Python 3.11, FastAPI, Uvicorn
rank_bm25, sentence-transformers, faiss-cpu, scikit-learn
loguru, pydantic v2

Frontend

React 18, Vite
TailwindCSS, lucide-react, recharts
react-syntax-highlighter, react-router-dom

Quick Start

Setup (downloads data, builds indexes, fits K-Means — first run takes ~10 minutes):

cd codesearch
bash scripts/setup.sh

Run:

bash scripts/run_dev.sh

Starts FastAPI on :8000 and Vite on :5173.

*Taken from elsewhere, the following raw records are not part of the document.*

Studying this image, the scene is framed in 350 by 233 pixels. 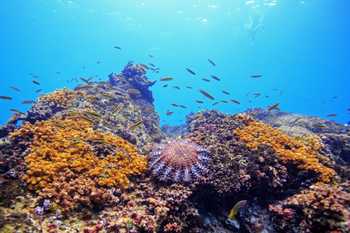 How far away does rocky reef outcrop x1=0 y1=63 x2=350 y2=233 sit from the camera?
5473mm

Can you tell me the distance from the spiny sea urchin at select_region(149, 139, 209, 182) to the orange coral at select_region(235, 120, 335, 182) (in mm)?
1762

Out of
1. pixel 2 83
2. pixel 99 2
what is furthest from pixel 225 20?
pixel 2 83

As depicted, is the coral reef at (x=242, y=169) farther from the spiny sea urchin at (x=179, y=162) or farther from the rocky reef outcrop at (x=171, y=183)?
the spiny sea urchin at (x=179, y=162)

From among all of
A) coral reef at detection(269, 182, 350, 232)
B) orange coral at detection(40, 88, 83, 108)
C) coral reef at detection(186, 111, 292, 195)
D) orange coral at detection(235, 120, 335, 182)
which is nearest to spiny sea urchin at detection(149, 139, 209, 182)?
coral reef at detection(186, 111, 292, 195)

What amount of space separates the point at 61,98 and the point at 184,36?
384ft

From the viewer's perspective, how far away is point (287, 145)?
8406 millimetres

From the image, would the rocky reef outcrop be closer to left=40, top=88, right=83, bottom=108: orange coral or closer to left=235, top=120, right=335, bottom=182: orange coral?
left=235, top=120, right=335, bottom=182: orange coral

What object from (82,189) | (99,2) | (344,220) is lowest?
(344,220)

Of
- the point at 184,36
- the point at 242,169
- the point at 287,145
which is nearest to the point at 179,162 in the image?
the point at 242,169

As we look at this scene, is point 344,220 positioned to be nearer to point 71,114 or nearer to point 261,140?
point 261,140

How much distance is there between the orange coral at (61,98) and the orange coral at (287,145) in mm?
7309

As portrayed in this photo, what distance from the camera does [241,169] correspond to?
7316mm

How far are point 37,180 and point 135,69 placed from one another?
1500 centimetres

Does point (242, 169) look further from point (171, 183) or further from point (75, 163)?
point (75, 163) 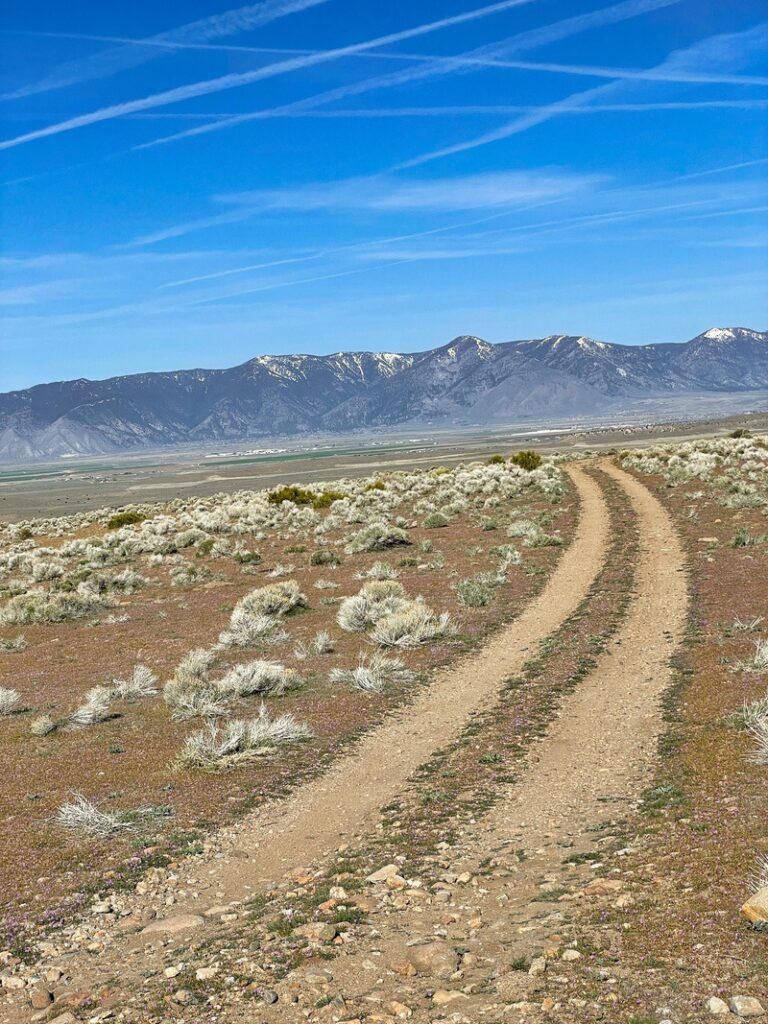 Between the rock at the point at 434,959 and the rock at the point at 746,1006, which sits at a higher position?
the rock at the point at 746,1006

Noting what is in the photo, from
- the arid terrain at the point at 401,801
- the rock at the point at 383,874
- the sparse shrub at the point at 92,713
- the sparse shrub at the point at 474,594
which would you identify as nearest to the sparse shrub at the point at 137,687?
the arid terrain at the point at 401,801

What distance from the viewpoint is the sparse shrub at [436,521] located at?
35406 millimetres

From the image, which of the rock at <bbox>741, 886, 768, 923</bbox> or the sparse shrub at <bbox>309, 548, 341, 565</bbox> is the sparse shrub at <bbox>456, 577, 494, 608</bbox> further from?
the rock at <bbox>741, 886, 768, 923</bbox>

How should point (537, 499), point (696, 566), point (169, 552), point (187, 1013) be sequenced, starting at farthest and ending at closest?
point (537, 499) → point (169, 552) → point (696, 566) → point (187, 1013)

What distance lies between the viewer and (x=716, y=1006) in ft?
16.0

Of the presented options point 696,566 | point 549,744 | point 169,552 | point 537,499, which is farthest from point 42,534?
point 549,744

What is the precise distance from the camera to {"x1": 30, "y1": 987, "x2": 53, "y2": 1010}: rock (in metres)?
5.98

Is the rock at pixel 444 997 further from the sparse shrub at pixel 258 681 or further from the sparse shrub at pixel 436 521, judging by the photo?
the sparse shrub at pixel 436 521

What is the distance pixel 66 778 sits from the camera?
36.0 ft

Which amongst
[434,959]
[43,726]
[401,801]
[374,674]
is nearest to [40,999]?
[434,959]

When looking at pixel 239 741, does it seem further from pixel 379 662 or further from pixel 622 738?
pixel 622 738

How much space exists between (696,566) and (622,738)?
12343 millimetres

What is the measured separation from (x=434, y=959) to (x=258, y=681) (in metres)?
8.77

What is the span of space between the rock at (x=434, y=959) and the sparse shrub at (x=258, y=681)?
27.6ft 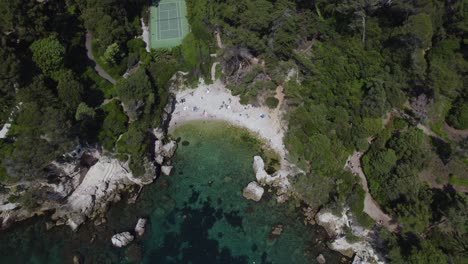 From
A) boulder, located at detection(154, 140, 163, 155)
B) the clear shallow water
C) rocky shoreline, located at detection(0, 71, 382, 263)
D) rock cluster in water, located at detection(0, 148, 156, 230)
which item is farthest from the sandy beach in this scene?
rock cluster in water, located at detection(0, 148, 156, 230)

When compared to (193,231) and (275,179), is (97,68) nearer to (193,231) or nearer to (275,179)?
(193,231)

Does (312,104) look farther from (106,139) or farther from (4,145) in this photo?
(4,145)

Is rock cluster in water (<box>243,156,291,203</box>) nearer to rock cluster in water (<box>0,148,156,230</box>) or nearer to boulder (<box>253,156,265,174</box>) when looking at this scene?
boulder (<box>253,156,265,174</box>)

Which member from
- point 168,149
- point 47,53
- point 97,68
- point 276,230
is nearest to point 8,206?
point 47,53

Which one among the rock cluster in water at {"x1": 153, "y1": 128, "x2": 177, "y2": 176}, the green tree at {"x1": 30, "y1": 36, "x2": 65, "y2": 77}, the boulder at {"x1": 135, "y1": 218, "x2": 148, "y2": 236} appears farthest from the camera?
the rock cluster in water at {"x1": 153, "y1": 128, "x2": 177, "y2": 176}

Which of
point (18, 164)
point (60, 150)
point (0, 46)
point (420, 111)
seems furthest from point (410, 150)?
point (0, 46)
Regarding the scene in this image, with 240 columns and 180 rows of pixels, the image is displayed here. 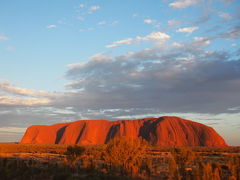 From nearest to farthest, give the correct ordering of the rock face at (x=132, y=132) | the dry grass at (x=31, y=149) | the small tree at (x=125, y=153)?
the small tree at (x=125, y=153) < the dry grass at (x=31, y=149) < the rock face at (x=132, y=132)

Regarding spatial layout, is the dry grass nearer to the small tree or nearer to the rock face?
the small tree

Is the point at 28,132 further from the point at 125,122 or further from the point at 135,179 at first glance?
the point at 135,179

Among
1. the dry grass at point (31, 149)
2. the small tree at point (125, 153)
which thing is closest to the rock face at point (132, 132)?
the dry grass at point (31, 149)

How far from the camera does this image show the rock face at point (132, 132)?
86750 mm

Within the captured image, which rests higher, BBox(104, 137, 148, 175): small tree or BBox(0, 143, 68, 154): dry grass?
BBox(104, 137, 148, 175): small tree

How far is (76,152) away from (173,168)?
418 inches

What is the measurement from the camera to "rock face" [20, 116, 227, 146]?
86750 millimetres

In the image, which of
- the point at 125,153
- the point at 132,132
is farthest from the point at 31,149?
the point at 132,132

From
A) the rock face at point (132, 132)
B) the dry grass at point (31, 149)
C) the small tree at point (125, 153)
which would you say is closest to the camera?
the small tree at point (125, 153)

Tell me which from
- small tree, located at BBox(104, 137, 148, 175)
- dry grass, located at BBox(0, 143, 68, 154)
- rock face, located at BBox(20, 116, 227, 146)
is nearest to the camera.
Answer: small tree, located at BBox(104, 137, 148, 175)

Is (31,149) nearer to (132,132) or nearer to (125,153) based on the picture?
(125,153)

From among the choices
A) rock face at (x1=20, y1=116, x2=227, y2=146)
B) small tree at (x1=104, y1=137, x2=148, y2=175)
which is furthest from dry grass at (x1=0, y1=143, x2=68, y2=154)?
rock face at (x1=20, y1=116, x2=227, y2=146)

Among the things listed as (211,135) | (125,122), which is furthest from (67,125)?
(211,135)

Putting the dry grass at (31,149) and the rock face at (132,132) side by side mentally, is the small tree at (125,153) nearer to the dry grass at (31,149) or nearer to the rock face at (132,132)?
the dry grass at (31,149)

Re-run evaluation (optional):

cd backend && python -m app.evaluation.evaluate

Project Structure

codesearch/
├── backend/
│   ├── app/             # FastAPI app, retrieval, clustering, evaluation
│   ├── data/            # Corpus + indexes (gitignored)
│   ├── tests/
│   └── requirements.txt
├── frontend/
│   └── src/             # React components, hooks, API client
├── docs/
│   ├── ARCHITECTURE.md
│   ├── EVALUATION.md
│   └── screenshots/
├── scripts/             # setup.sh, run_dev.sh
└── README.md

Evaluation Methodology

Metrics are computed over 999 queries from the official CodeSearchNet Python test split. Each query is a function's docstring; the relevant document is the paired source function. MRR, NDCG@10, and Recall@10 are implemented manually in backend/app/evaluation/metrics.py. Latency is measured at p50 and p95 over the full query set under single-threaded conditions on an M-series MacBook Pro.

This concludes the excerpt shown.